▶ **How to complete this task**: Please transcribe exactly, and only, the lines of the data below between the line holding "Used 2014 Dodge" and the line holding "Hydraulic workshop presse, Stenhøj.", inclusive.

Collected data entries:
◇ ◇ ◇ ◇
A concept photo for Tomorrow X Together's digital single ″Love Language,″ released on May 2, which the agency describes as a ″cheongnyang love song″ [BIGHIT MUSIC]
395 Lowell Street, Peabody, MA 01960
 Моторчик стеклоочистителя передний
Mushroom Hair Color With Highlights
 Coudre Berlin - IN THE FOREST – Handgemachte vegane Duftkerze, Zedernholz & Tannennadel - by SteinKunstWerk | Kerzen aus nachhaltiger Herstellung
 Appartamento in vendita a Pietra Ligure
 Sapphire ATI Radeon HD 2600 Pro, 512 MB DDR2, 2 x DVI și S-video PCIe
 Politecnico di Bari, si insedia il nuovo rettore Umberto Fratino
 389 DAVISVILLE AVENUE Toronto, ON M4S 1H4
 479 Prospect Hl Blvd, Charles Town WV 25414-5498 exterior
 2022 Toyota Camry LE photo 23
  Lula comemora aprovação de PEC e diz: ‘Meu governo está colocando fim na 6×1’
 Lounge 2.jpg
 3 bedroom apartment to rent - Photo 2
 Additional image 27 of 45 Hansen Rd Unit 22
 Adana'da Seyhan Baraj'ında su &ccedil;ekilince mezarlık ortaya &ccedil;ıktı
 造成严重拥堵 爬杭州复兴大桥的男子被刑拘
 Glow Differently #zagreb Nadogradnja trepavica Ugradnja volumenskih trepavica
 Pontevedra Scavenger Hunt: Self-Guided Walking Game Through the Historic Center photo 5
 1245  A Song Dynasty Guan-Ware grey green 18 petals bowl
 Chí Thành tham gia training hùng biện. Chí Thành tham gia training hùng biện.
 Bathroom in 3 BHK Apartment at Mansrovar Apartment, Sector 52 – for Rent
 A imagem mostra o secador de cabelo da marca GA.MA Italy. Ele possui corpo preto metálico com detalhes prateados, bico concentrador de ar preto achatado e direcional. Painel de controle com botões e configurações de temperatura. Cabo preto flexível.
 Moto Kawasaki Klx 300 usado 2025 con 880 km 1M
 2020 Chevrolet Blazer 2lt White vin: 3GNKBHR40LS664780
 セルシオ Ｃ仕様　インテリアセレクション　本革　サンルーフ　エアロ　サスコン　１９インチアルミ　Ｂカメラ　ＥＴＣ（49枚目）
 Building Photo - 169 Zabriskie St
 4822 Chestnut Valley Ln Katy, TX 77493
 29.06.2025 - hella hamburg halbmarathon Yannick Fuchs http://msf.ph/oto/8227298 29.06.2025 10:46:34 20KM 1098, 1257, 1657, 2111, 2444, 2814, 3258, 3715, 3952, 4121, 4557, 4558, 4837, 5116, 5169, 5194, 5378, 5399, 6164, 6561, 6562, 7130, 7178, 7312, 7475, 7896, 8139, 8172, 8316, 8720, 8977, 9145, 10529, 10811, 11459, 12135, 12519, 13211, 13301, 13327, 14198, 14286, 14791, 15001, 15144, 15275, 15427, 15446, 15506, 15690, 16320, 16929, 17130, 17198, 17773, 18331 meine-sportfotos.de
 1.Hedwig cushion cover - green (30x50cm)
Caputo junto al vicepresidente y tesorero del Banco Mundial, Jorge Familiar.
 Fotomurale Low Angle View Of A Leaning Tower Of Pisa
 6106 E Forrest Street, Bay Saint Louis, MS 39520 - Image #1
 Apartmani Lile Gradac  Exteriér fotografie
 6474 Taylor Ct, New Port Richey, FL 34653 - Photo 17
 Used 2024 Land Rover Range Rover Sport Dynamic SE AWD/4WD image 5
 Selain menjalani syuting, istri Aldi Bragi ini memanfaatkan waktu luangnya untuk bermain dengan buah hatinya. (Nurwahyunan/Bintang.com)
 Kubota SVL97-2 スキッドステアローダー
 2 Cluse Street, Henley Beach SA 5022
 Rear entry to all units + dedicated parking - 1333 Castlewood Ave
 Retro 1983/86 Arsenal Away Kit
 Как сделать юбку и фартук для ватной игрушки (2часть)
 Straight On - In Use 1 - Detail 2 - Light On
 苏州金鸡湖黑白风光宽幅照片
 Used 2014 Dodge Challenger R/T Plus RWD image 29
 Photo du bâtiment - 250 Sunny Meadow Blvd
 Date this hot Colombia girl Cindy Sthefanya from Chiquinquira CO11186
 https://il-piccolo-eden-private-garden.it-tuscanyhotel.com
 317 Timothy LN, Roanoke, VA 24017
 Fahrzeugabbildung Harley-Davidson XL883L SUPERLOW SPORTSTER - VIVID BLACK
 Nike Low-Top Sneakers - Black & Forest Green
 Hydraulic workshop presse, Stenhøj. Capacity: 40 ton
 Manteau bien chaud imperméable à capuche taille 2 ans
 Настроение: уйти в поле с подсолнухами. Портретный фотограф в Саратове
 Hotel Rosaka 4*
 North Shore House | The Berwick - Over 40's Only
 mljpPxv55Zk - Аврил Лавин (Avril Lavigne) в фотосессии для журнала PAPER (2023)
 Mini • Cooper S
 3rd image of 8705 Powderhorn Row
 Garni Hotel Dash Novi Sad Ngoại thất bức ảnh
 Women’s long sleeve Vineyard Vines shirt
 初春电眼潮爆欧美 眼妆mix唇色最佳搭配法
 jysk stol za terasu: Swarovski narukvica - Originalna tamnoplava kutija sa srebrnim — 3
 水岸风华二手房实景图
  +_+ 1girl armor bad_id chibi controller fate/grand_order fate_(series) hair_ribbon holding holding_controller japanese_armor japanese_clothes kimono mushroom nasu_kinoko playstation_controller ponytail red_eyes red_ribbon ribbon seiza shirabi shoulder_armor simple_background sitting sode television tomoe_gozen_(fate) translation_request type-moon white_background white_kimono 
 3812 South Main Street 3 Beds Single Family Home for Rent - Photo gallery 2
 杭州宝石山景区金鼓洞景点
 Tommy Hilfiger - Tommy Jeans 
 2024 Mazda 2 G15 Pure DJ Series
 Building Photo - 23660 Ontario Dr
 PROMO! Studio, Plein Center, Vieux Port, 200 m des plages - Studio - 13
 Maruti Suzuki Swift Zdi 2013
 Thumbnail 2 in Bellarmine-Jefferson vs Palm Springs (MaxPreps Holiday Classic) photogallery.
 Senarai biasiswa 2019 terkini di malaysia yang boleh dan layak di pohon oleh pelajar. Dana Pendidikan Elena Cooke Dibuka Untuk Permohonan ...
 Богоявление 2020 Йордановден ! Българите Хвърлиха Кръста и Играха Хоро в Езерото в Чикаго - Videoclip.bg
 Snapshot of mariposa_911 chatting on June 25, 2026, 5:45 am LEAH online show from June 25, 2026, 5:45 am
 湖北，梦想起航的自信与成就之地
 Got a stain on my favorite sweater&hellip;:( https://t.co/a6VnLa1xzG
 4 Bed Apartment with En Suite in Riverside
◇ ◇ ◇ ◇
▶ **Solution to this task**:
 Used 2014 Dodge Challenger R/T Plus RWD image 29
 Photo du bâtiment - 250 Sunny Meadow Blvd
 Date this hot Colombia girl Cindy Sthefanya from Chiquinquira CO11186
 https://il-piccolo-eden-private-garden.it-tuscanyhotel.com
 317 Timothy LN, Roanoke, VA 24017
 Fahrzeugabbildung Harley-Davidson XL883L SUPERLOW SPORTSTER - VIVID BLACK
 Nike Low-Top Sneakers - Black & Forest Green
 Hydraulic workshop presse, Stenhøj. Capacity: 40 ton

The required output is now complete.